Sequences of Multi-labelled data

Earlier we have examined the notion that documents can the thought of a sequence of tokens along with a mapping from a set of labels to these tokens. Ideas like stemming and lemmatization are linguistic methods for applying different label mappings to these token sequences. An example of this might be the sequence of tokens assocated with the sentence:

"the cats sat in the cat box"

This can be decomposed into the sequence of tokens:

[the, cats, sat, in, the, cat, box]

The notion of token and label are often confounded but it can be useful to keep them separated mentally. Here we a sequence of six tokens token_1 through token_6 along with a single label assocated with each token. In this case ‘the’ :math:`mapsto` token_1 and ‘the’ :math:`mapsto` token_5. They are different tokens with the same label.

We take advantage of these shared labels in our TokenCooccurrenceVectorizer where we embed token labels into a vector space based on the locality of their associated tokens within our sequence. That is two labels are similar if their surrounding tokens share many common labels. This is covered in more explicite detail in:

TODO: Add Link to TokenCooccurrenceVectorizer readme

That said there is nothing which necessitates that we associate a single label with each token. In fact, as we mentioned previously, stemming can be thought of as a way of contracting the label space by contracting a set of labels such as (tabby, feline, cat, cats) to a single token label (cat). Traditionally in NLP, we would replace the label mapping for all the tokens previously associated with various feline tokens with our new canonical token cat. This has the twin advantages of simplifying our label space, making it easier to analyse, and seeing more examples of cat in our text, potentially improving the embedding of this label by providing more contexts in which it was used. If we didn’t care about simplifying our token space we could, in fact, get the second benefit without the first. Instead of replacing our label mapping to each of these tokens we could instead map from a set of labels to each token instead of from a single labels. Thus, in our previous example of “the cats sat in the cat box” {cat, cats} :math:`mapsto` token_2.

One oddity this introduces is that the contex of sat now has both the labels cat and cats occuring at a distance of 1 from it. This can become problematic if taken to extreme levels in that that very wide context windows when combined with large label sets could cause a combinatorial explosion. When used in moderation this can be a powerful and quite useful technique in that it allows us a great deal of freedom when moving beyond the text domain to other sequence domains. The other oddity that this can introduce is that the labels cat and cats now cooccur within a context window at distance zero from each other. This has the nice property of encoding the label similarity that has been specified by our mapping int our embedding.
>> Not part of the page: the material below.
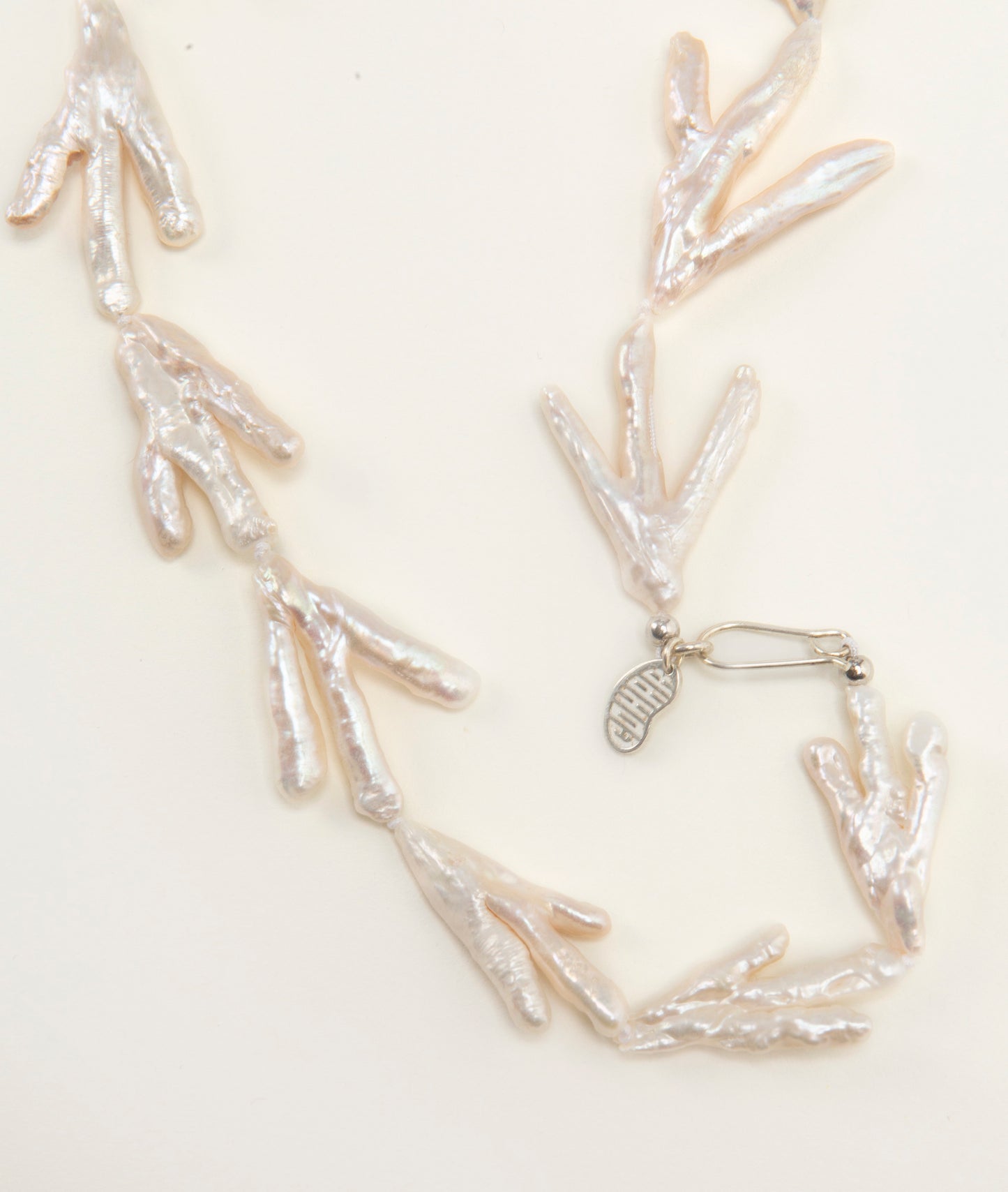 Host Necklace with Chicken Feet Pearls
A great example of the usefulness of this multi-label framework occurs when looking at the cyber defense domain. The Operationally Transparent Cyber (OpTC) data is a DARPA released data set that examines the sequence of computer events on a small network of computers and asks researchers to search for known malicious activity within these events. More details on this dataset, it’s content and utility for cyber defense analysis can be found in the recent paper Analyzing the Usefulness of the DARPA OpTCDataset in Cyber Threat Detection Research.

The interesting thing for us to note is that this data was described as a “sequence of events”. What differentiates cyber events from those tokens we spoke about in NLP? The short answer is nothing other than the fact that they can’t be easily represented by a single label. Now we have a framework for representing such multi-labelled tokens or events. Let’s see what that might look like in practice.

Cyber events come in a variety of flavours. The most common being FLOW events. Flow event represent data being transmitted between two computers. They are commonly summarized via a set of descriptions such as:

[process, source_IP, source_port, destination_IP, destination_port, protocal, time_stamp]

Here a process instantiated a connection from a source IP address and port to a destination IP address and port and sent data over that connection at a particular time.

Previously it might have been difficult to think about how we might apply something like a TokenCooccurrenceVectorizer to this sort of data but with our new notion of muli-labelled tokens we quickly realize that flow events are really just tokens with interesting labels associated with them and a sequence induced via our time_stamps. This should allow us to embed these labels into a useful vector space with similar tokens being placed near other tokens that appear within the same event and have similar preceeding and following events.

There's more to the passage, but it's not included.